— TO DO —
Apart from the images, output the data below exactly.

— COLLECTED DATA —
::::::::::

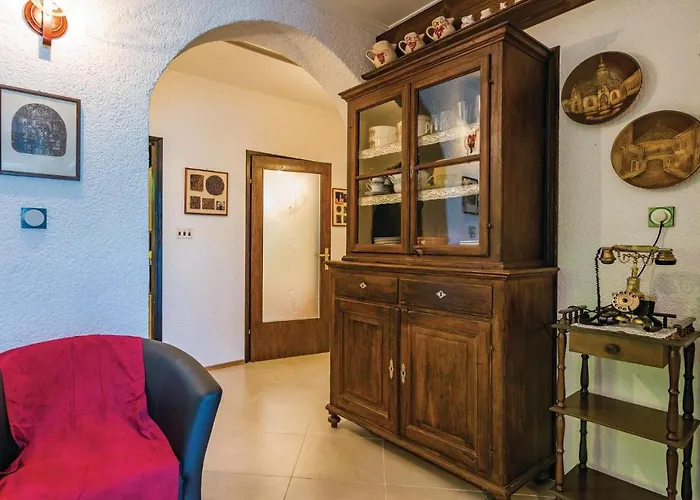 Appartement Lovely In Novigrad With Wifi *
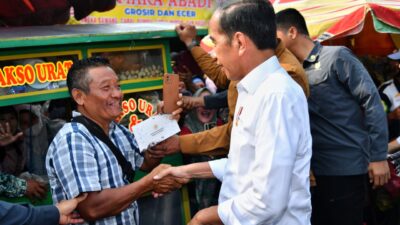 Pj. Gubernur Samsudin Dampingi Kunjungan Presiden Joko Widodo ke Pasar Sentral Kota Bumi, Disambut Antusias oleh Ribuan Warga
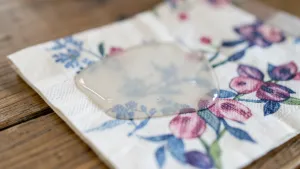 Czy klej magic nadaje się do decoupage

::::::::::

— RESULT OF THE TASK —
 Appartement Lovely In Novigrad With Wifi *
 Pj. Gubernur Samsudin Dampingi Kunjungan Presiden Joko Widodo ke Pasar Sentral Kota Bumi, Disambut Antusias oleh Ribuan Warga
 Czy klej magic nadaje się do decoupage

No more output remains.